Once the data is processed, you have further stored it in the data warehouse or data lake for archiving or for analysis. There are different Google Cloud tools to help you with it.
- Google Cloud Storage is the space that helps you to store videos, images, and other types of files, which is available in four storage options.
- Standard Storage: This is ideal for the hot data which is frequently accessed and includes websites, video streaming, and mobile applications.
- Nearline Storage: This is the low-cost storage option, which is ideal for data stored for a minimum of 30 days. This includes an option for data backup and also long-tail multimedia content.
- Coldline Storage: Another ultra-low-cost option that is ideal for data to be stored for a minimum of 90 days, which also includes a disaster recovery option.
- Archive Storage: This is the lowest in terms of cost. It is ideal for data to be stored for a minimum of one year by including the regulatory archives.

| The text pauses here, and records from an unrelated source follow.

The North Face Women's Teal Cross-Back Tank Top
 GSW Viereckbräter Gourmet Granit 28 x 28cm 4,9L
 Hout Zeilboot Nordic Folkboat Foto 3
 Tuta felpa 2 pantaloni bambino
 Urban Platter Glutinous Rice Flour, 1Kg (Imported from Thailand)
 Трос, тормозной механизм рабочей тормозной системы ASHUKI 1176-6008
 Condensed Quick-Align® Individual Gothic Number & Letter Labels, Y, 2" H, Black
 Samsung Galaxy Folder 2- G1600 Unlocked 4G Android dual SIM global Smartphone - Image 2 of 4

- BigQuery is an option for serverless data warehousing, which can scale seamlessly to huge volumes of data in petabytes without the need to manage or maintain any physical servers. You can easily store and query the data using SQL at BigQuery. You can also easily share data and queries. There are also hundreds of free datasets for the public which can be used for analysis. It also offers connectors built-in to be ingested easily from other services and use for visualization or further processing.
Once data processing and storage is done on the warehouse or data lake, you can proceed with the analysis. If you are using solutions like BigQuery for data storage, you can analyze the same on BigQuery itself using SQL. If you use Google Cloud Storage, you can move the data easily to BigQuery for analysis. BigQuery features machine learning capabilities also on BigQueryML, with which you can create models.
Once the data is in the warehouse, you can use it to get insights and make predictions with machine learning. You can use tools like the Tensorflow framework and AI platform based on the needs for further processing.
- Tensorflow is a machine learning platform that is open source, coming with many libraries, tools, and community resources.
Finally, there are many tools for data visualization also. Firstly, BigQuery itself can seamlessly connect with the visualization tools and create charts on its own. Google Cloud also offers tools for visualization. Data Studio is a free tool, which can connect to BigQuery and many other visualization services. Looker is another enterprise-grade data visualization platform, which features many business intelligence and embedded analytics tools.